Chinese scientists are one step closer to a future large-scale quantum computer – after building the world’s largest quantum simulation machine based on the “trapped-ion” technique, praised by one academic journal reviewer as “a milestone to be recognised”.

The breakthrough was achieved under the leadership of Duan Luming, a quantum physicist renowned for his pioneering research, who returned to China in 2018 after 15 years of teaching in the United States.

Duan received his doctorate in 1998 from the University of Science and Technology of China, the country’s premier institute for quantum research, before joining the University of Michigan in the early 2000s.

Since his return, he has been a full-time professor at Tsinghua University’s Institute for Interdisciplinary Information Sciences.

Duan and his colleagues, along with several research groups at universities and hi-tech companies around the world, have been chasing the trapped-ion approach to qubits.

Quantum bits, or qubits, are the building blocks of quantum computers, just as “bits” are in regular computers.

However, qubits are extremely difficult to harness in a controlled and repeatable way because of what is called their hazy nature.

Regular bits can be described as switches that are either on or off. But because uncertainty and probability hold sway in quantum physics, qubits can be both on and off at the same time, and also exist in a variety of in-between states.

Ions, or charged atomic particles, can be trapped and suspended in free space using electromagnetic fields.

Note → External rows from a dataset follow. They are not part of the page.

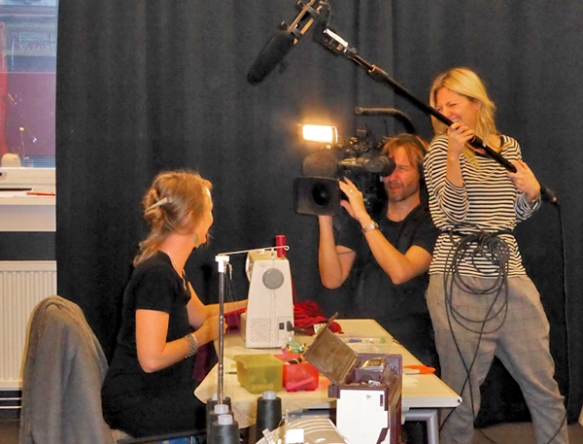 Therese blir filmad av ett team från SVT.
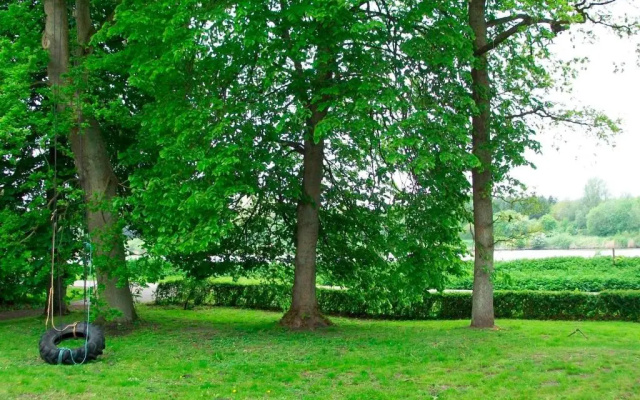 Jägerlehrhof, Breiholz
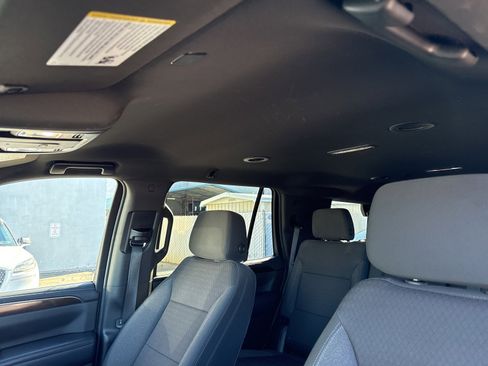 Used 2022 GMC Yukon SLE image 15
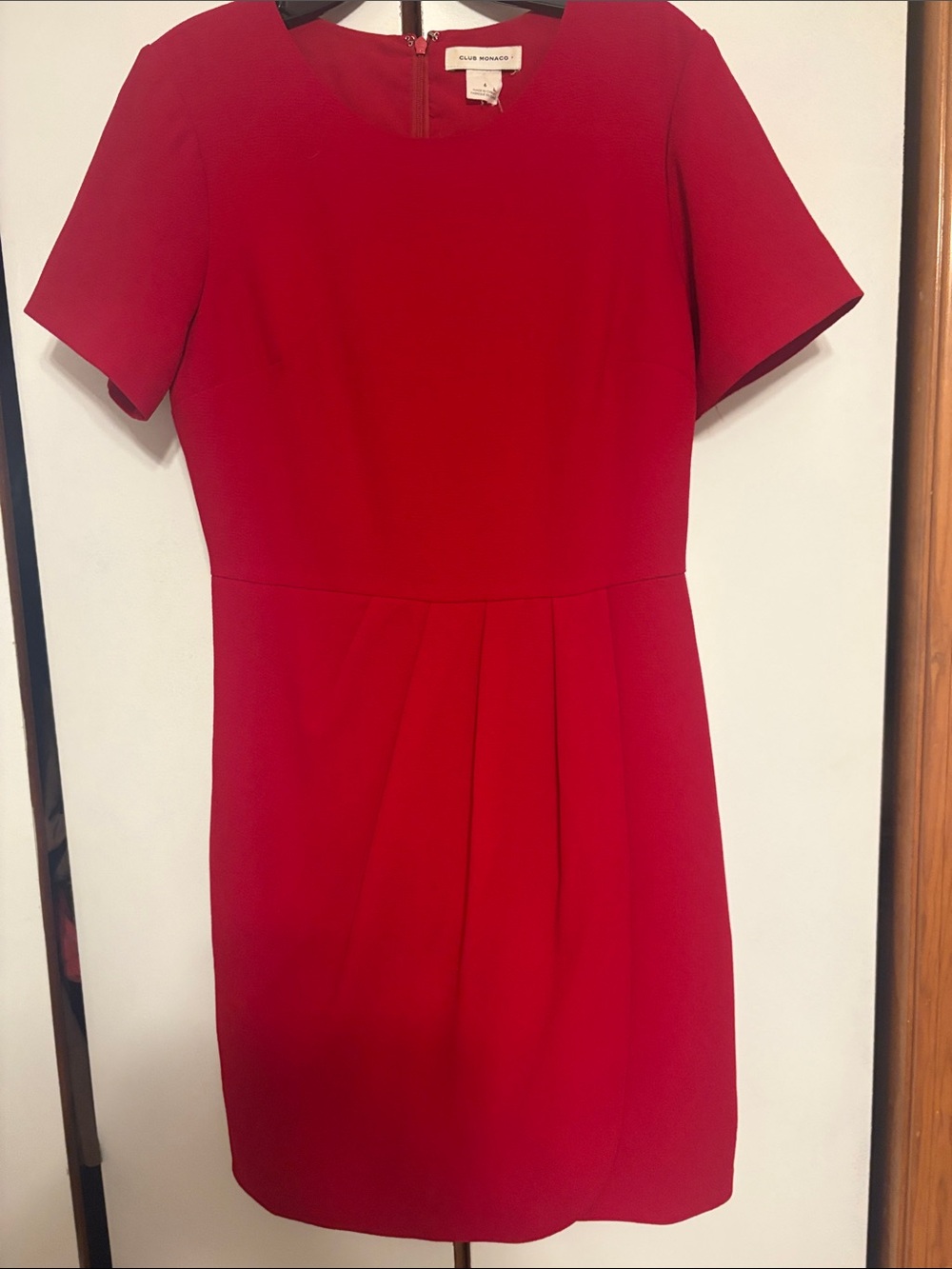 Club Monaco Red Short Sleeve Pleated Waist Dress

The qubits are stored in stable electronic states of each ion, and quantum information can be transferred through the collective motion of the ions in a shared trap.

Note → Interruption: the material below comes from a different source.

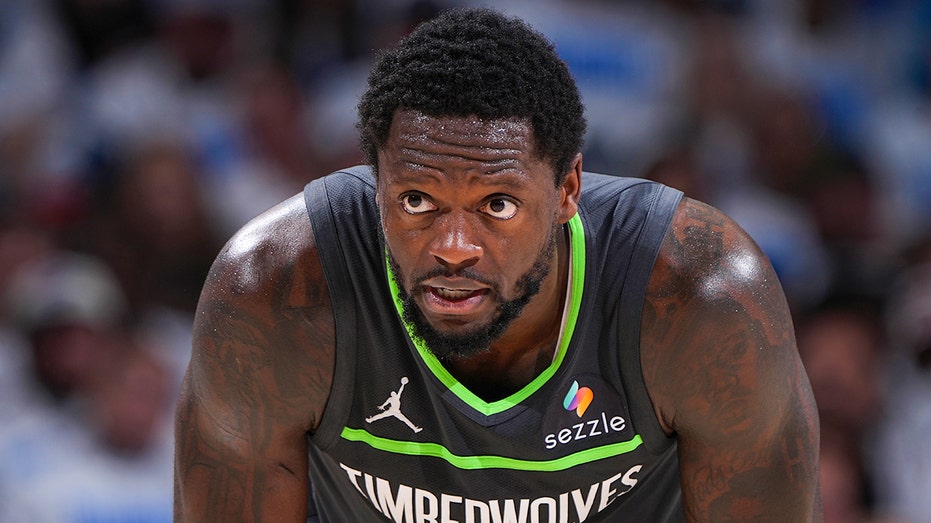 Timberwolves star Julius Randle reacts to tragic Minneapolis mass shooting: 'We gotta be better'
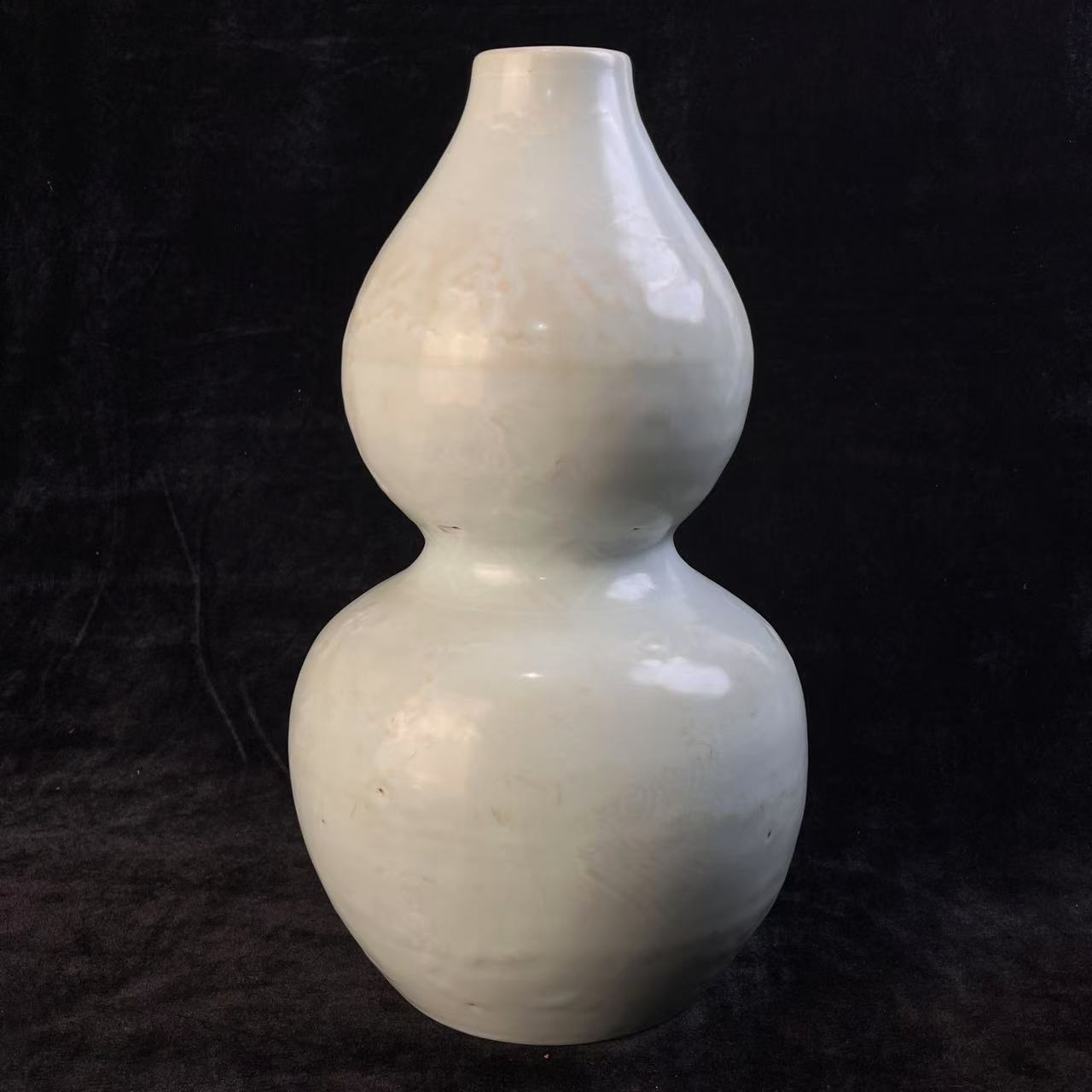 清代白釉暗刻纹葫芦瓶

But scalability remains a key challenge for this system.

This is where the trapped-ion approach comes in, as it offers one of the most promising architectures for a scalable, universal quantum computer.

Researchers earlier achieved quantum simulations with up to 61 ions in a one-dimensional crystal. Ion crystals are solids made up of ions bound together in a regular “lattice” – the symmetrical three-dimensional structural arrangements of atoms, ions or molecules inside a solid.

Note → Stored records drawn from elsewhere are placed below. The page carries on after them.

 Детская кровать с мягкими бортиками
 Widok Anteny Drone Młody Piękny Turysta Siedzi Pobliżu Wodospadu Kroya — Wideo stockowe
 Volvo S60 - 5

But Duan and his team’s quantum simulator was able to achieve the stable trapping and cooling of a two-dimensional crystal of up to 512 ions, in a first for science.

The feat holds great significance for the future of quantum computing, given that scalability is a major hurdle. The team’s scaling up of the ions in a stable simulation system is seen as likely to pave the way to building more powerful quantum computers.

Experimental image of the two-dimensional crystal of 512 ions and typical single-qubit-resolved single-shot measurement outcomes for 300-ion qubits. Photo: Handout

The findings of their study were published on Wednesday in the peer-reviewed journal Nature.

This is “the largest quantum simulation or computation performed to date in a trapped-ion system”, commented one reviewer.

Quantum simulators are devices that actively use quantum effects to answer questions about model systems and, through them, real systems. They are increasingly popular tools in the world of quantum computing for their role in advancing scientific knowledge and developing technologies.

Duan and his team also managed to perform a quantum simulation calculation using 300-ion qubits. They found the computational complexity of 300-ion quantum bits working simultaneously to be astronomical, far exceeding the direct simulation capability of classical computers.